Material shown:
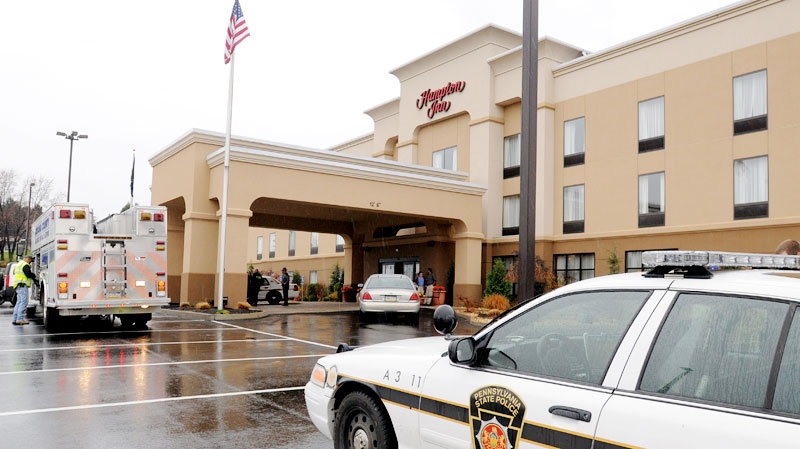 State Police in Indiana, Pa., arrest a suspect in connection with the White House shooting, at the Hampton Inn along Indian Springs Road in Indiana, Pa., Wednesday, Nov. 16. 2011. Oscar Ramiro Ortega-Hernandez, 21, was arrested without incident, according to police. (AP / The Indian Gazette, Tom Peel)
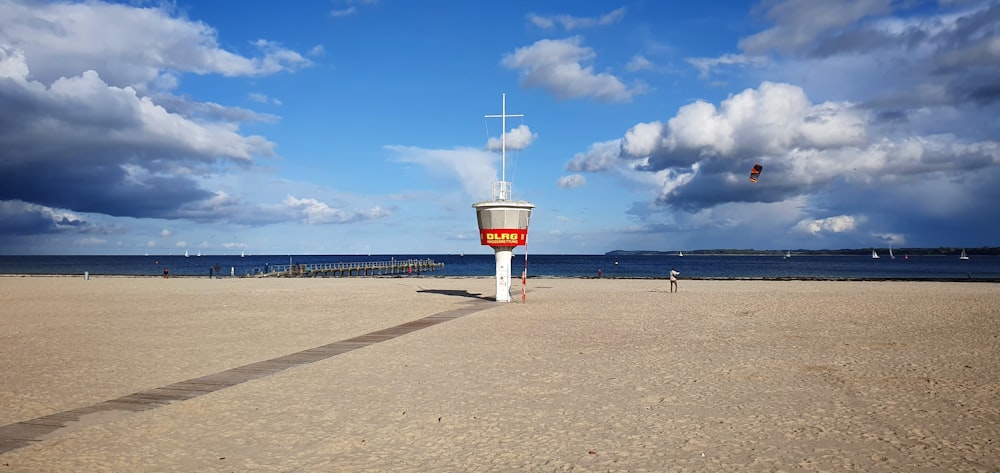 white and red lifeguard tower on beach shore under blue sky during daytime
* * *
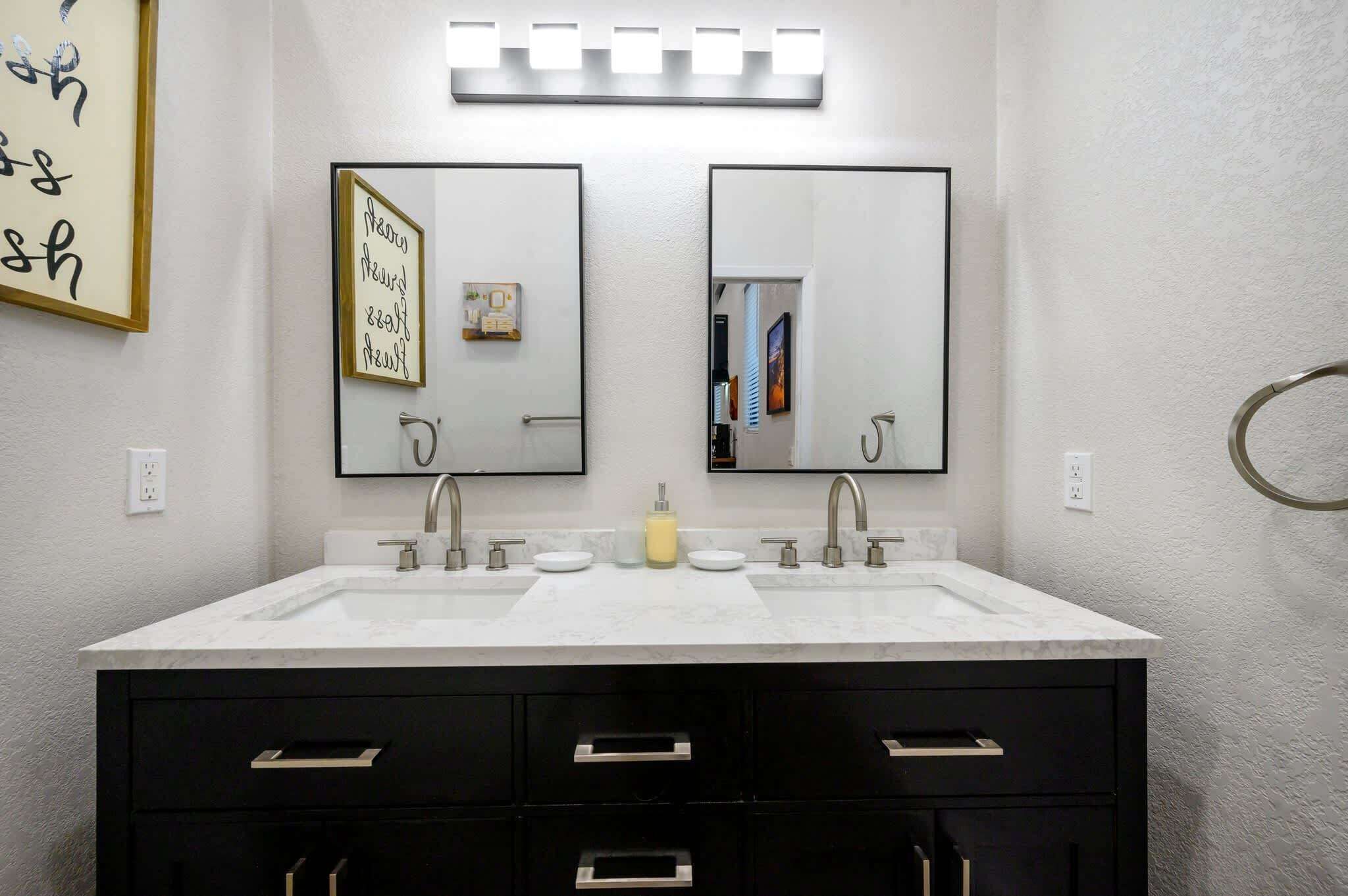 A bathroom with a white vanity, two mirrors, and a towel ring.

How to complete this task:
Everything above from the line that has "State Police in" down to the line that has "white and red" should be output exactly, with both of those lines included. Leave the pictures behind.

Expected answer:
 State Police in Indiana, Pa., arrest a suspect in connection with the White House shooting, at the Hampton Inn along Indian Springs Road in Indiana, Pa., Wednesday, Nov. 16. 2011. Oscar Ramiro Ortega-Hernandez, 21, was arrested without incident, according to police. (AP / The Indian Gazette, Tom Peel)
 white and red lifeguard tower on beach shore under blue sky during daytime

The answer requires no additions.